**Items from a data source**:
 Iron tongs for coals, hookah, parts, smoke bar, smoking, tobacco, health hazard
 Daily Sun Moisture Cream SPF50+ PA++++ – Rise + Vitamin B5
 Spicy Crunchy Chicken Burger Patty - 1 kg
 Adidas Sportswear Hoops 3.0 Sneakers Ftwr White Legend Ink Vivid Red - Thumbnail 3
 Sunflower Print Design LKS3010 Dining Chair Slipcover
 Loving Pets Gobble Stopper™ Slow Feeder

**Aim of the task**: Write out once more the lines above beginning at the line with "Adidas Sportswear Hoops"; continue through the final line and stop there.

**Answer**:
 Adidas Sportswear Hoops 3.0 Sneakers Ftwr White Legend Ink Vivid Red - Thumbnail 3
 Sunflower Print Design LKS3010 Dining Chair Slipcover
 Loving Pets Gobble Stopper™ Slow Feeder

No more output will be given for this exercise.